8  Database Concepts

8.1 Introduction

A database is a collection of information that is organized for easy access, management, and updates. In distributed systems, understanding database concepts like CAP theorem, ACID properties, replication, and sharding is crucial.

8.2 The Three Guarantees of Distributed Systems

Before diving into database-specific concepts, let’s understand the three fundamental guarantees that distributed database systems strive for:

8.2.1 1. Consistency

Definition: Every node in a distributed cluster returns the same, most recent, successful write.

What it means:

  • All clients see the same data at the same time
  • Reads reflect the latest writes
  • No stale data

Example:

User updates profile: name = "Jane"
Immediately after, any read returns "Jane" (not old value)

8.2.2 2. Availability

Definition: Every non-failing node returns a response for all read and write requests in a reasonable amount of time.

What it means:

  • System continues to operate even during failures
  • Requests always get responses
  • No request is ignored

Example:

Even if 2 out of 5 database nodes fail,
the system still processes read/write requests

8.2.3 3. Partition Tolerance

Definition: The system continues to function despite network partitions that prevent some nodes from communicating.

What it means:

  • System works even when network splits
  • Nodes can be temporarily disconnected
  • Handles network failures gracefully

Example:

Data center network issue causes split
System continues operating on both sides

Distributed System Guarantees

8.3 CAP Theorem

CAP theorem (Brewer’s theorem) states:

It is impossible for a distributed system to simultaneously provide more than two out of three guarantees: Consistency, Availability, and Partition Tolerance.

CAP Theorem

8.3.1 The Three Combinations

Since network partitions will happen in distributed systems, partition tolerance is required.

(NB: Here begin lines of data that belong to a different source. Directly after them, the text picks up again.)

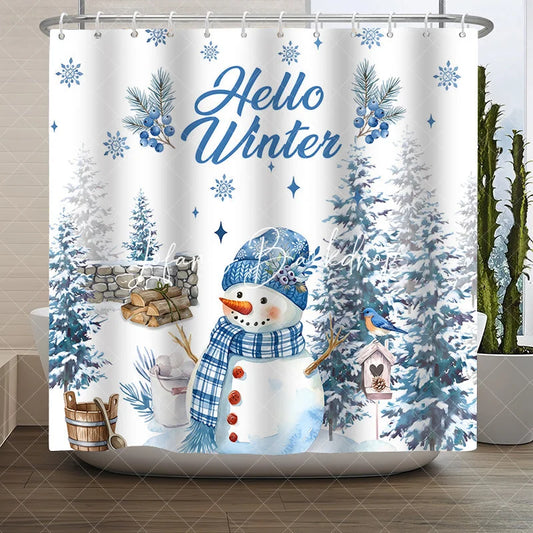 Lofaris Blue and White Watercolor Snowman Hello Winter Shower Curtain Snowy Pine Trees Berries Decor.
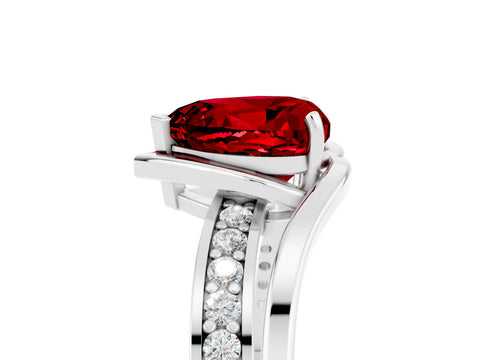 White gold Heart Cut Ruby Solitaire Ring with Split Shank and Prong Setting_5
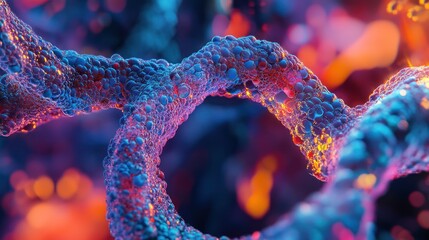 Poster - Abstract representation of molecular structures in vibrant color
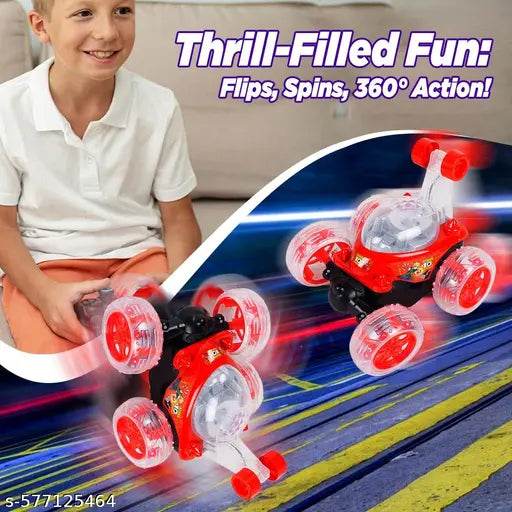 Rechargeable Remote Control Stunt Car 360 Spins, Flips and All-Terrain Rolling Rechargeable Toy - NARIX INDIA 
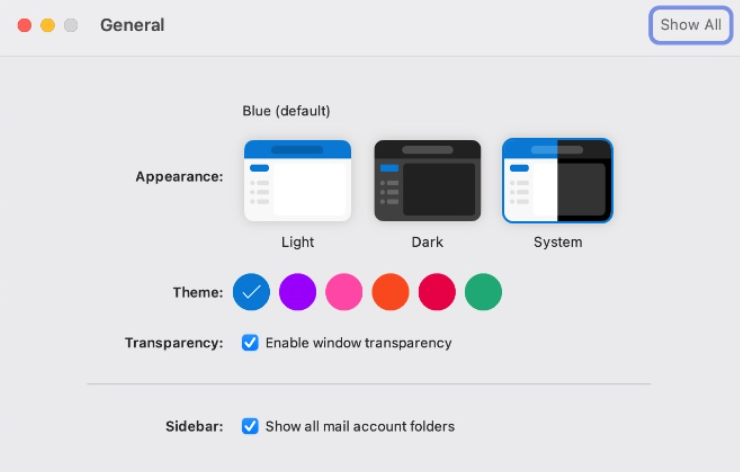 맥-아웃룩-테마-변경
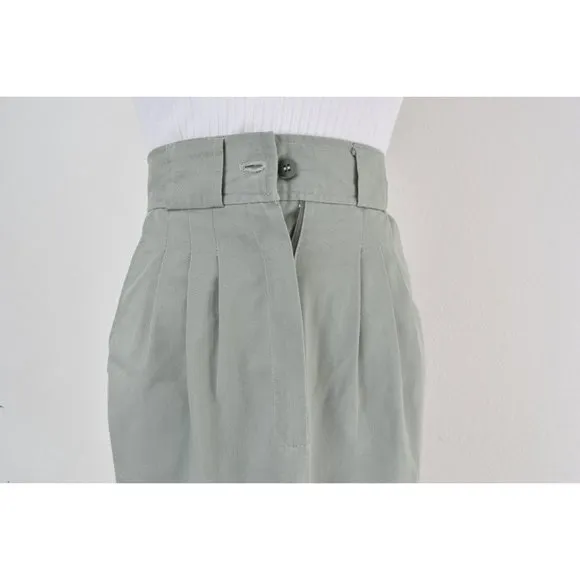 Vintage 90s Sage Poly/Cotton High Waisted Skirt size 7/8 | 26 waist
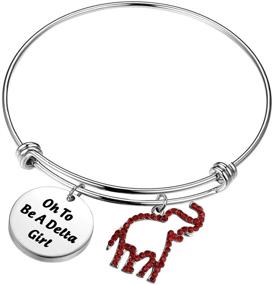 img 4 attached to 🐘 AKTAP Delta Sorority Red Elephant Bracelet: Inspired DST, Oh To Be A Delta Girl Gift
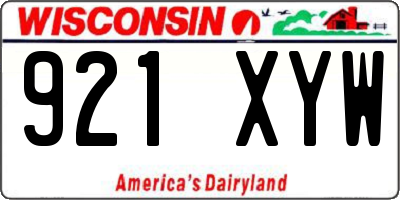 WI license plate 921XYW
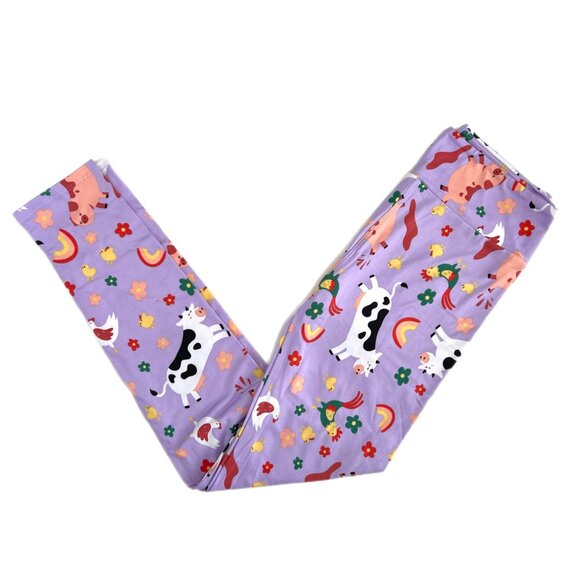 NEW LuLaRoe Leggings Farm Animals Purple Cow Chicken Rooster Pig Comfy Stretch - Picture 3 of 3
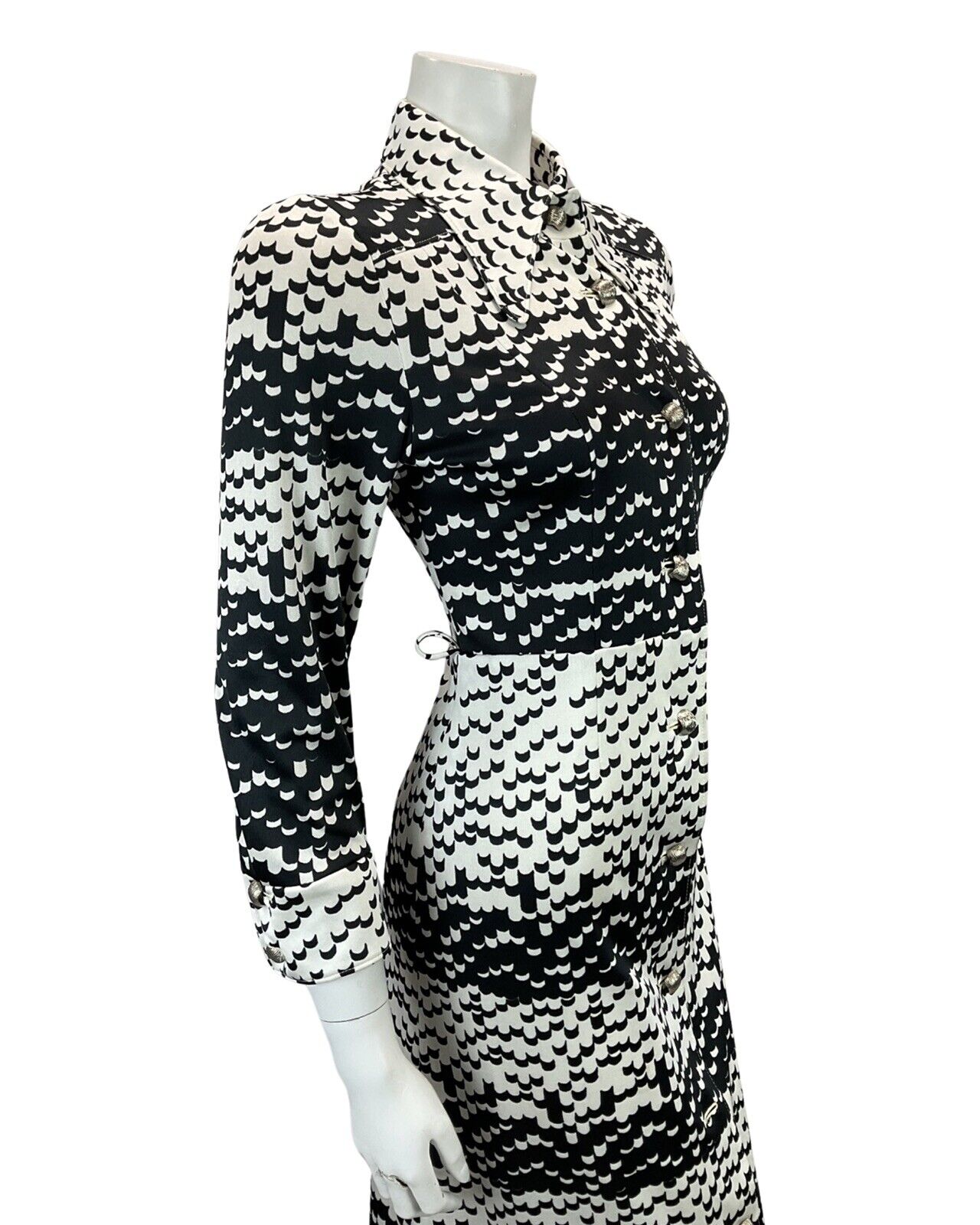 VINTAGE 60s 70s WHITE BLACK ABSTRACT PATTERN MOD BOHO MIDI DRESS 12 14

This leaves us choosing between:

CP (Consistency + Partition Tolerance)

Characteristics:

  • Sacrifices availability for consistency
  • During partition, system may refuse requests
  • Ensures all nodes have same data

When to choose:

  • Financial transactions
  • Inventory management
  • When stale data is unacceptable

Examples:

  • MongoDB: Can be configured for strong consistency
  • HBase: Strong consistency, may become unavailable
  • Redis: (with synchronous replication)
  • ZooKeeper: Coordination service requiring consistency

Trade-off:

Network partition occurs
→ System blocks writes to maintain consistency
→ Some requests fail or timeout

AP (Availability + Partition Tolerance)

Characteristics:

  • Sacrifices consistency for availability
  • Always responds to requests
  • May return stale data
  • Eventually consistent

When to choose:

  • Social media feeds
  • Shopping carts
  • Analytics data
  • When availability > immediate consistency

Examples:

  • Cassandra: Highly available, eventually consistent
  • DynamoDB: Designed for availability
  • CouchDB: Eventually consistent
  • Riak: Optimized for availability

Trade-off:

Network partition occurs
→ System accepts writes on both sides
→ Data temporarily inconsistent
→ Conflict resolution needed later

CA (Consistency + Availability)

Not possible in distributed systems with partitions!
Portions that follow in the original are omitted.